Apart from the images, the entire listing below must be restated word for word.

--- Given information ---

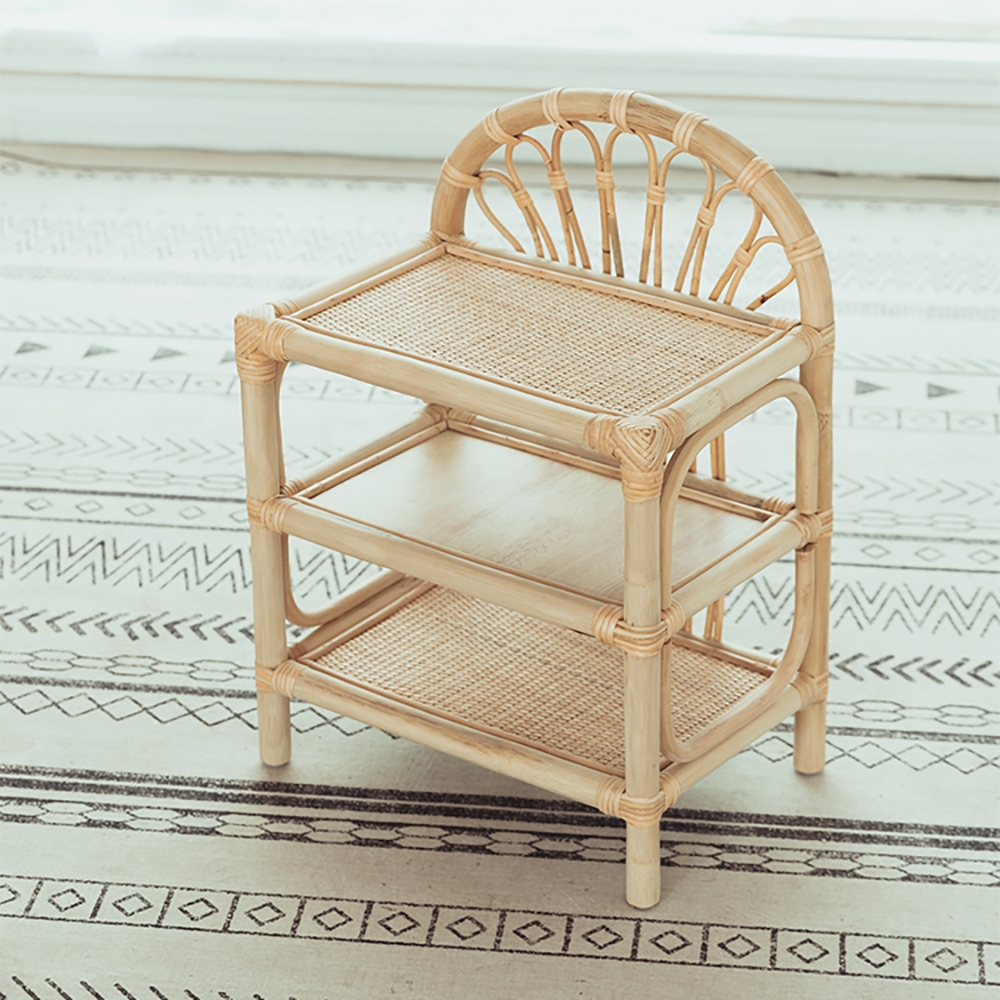 Farmhouse Woven Nightstand Rattan  Loop Nightstand Bedside Table in Natural window image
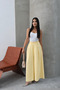 Filamlı Linen Skirted Trousers 8826 Yellow - 2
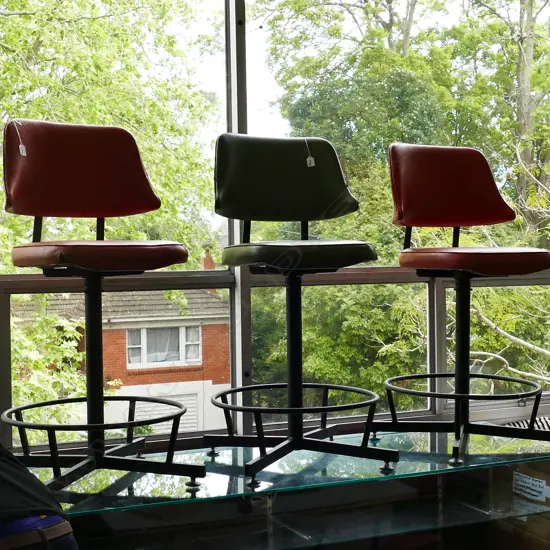 3 RETRO BAR STOOLS MARKED C.P. ROXBURGH ELLERSLIE AUCKLAND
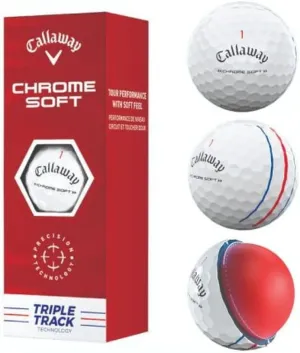 Callaway Chrome Soft Triple Track Golf Balls (White, 3pk) 1 Sleeve 2022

---

**Written solution:**
 Farmhouse Woven Nightstand Rattan  Loop Nightstand Bedside Table in Natural window image
 Filamlı Linen Skirted Trousers 8826 Yellow - 2
 3 RETRO BAR STOOLS MARKED C.P. ROXBURGH ELLERSLIE AUCKLAND
 Callaway Chrome Soft Triple Track Golf Balls (White, 3pk) 1 Sleeve 2022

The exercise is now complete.